Currently, there is no written rule around substance for funds set up in GIFT City, Jain pointed out. So far, the regulator has indicated it needs at least one person working from GIFT City. The draft proposals now provide that depending on the licence the fund manager obtains and the level of operation, the personnel requirement may vary.
But more importantly, the proposals provide that the key decision-making needs to be undertaken in substance from the GIFT City, and there is a requirement for the personnel exercising influence or control over the management of the portfolio to be based in the GIFT City. The draft regulations are currently not very clear on what the regulator’s expectation would be with respect to personnel being “based” in GIFT City, especially given the global norm of “work from anywhere”.Parul Jain, Co-head - International Tax Practice, Nishith Desai Associates
Fund managers will need more clarity on substance expectations to determine whether a fund set up in GIFT City would continue to work in the current manner, and hopefully such clarifications should come in the final set of proposals, Jain added.
Who Will Move To GIFT City?
There will be considerable interest in setting up funds that invest in onshore debt, Sinha pointed.

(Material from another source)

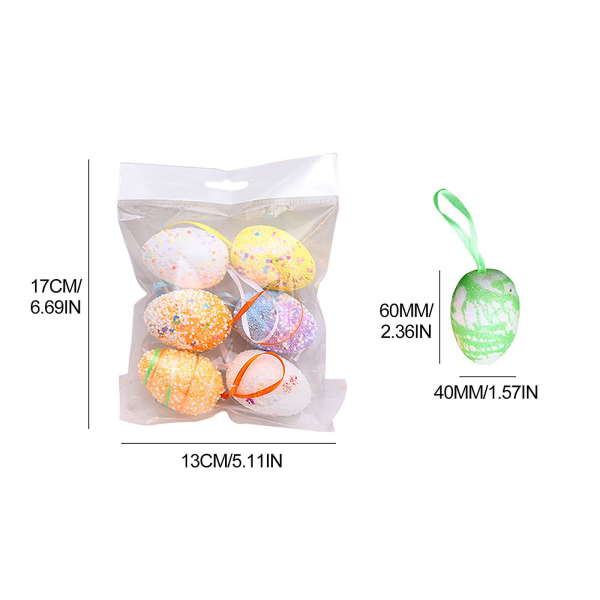 6 st Färgglada Målade Påskägg Hängande Ornament för DIY Hantverk Heminredning Nya C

IFSCA funds will be more attractive for debt than equity investments because of the tax arbitrage. Dividend payments for equity investments are taxed at 10% for all non-residents -- whether from a treaty or non-treaty jurisdiction. It's the tax arbitrage for debt investments that will spark interest of non-resident investors, he explained.

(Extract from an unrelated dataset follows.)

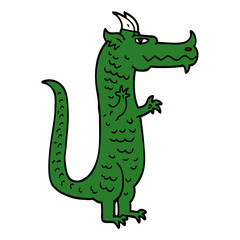 cartoon doodle magical dragon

If an Indian company pays interest to non-resident investors, it’s a 40% withholding. In treaties, it reduces to 15% for Singapore and the U.S., 7.5% for Mauritius, 10% for the Netherlands, etc. For a GIFT City fund, it’s 10%. If substance requirements are relaxed as IFSCA finalises its framework, GIFT City could become a preferred choice for funds looking to invest in onshore debt.Ruchir Sinha, Managing Partner, Resolut Partners
The draft proposals have retained the requirement to procure an FPI registration from SEBI to set up an AIF.
If this is done away with, there may be significantly high investor interest from private debt players to set base in GIFT city to invest in high yield Indian debt, Sinha pointed out.
In conclusion, largely the proposals are well-aligned to what we see in the global market, Shah said.
What domestic managers are also awaiting is finalisation of draft overseas direct investment regulations by the Reserve Bank of India.
Today, if I want to set up a subsidiary or a branch in GIFT City as an Indian manager, RBI approval is required, which has not been very forthcoming. There’s a proposal to put it under a unified single window clearance by IFSCA.Siddharth Shah, Senior Partner, Khaitan & Co.
Once that comes in, there’s likely to be much more activity. The expectation is with this effort by IFSCA, the ecosystem of trustees, custodians, valuers, administrators will follow.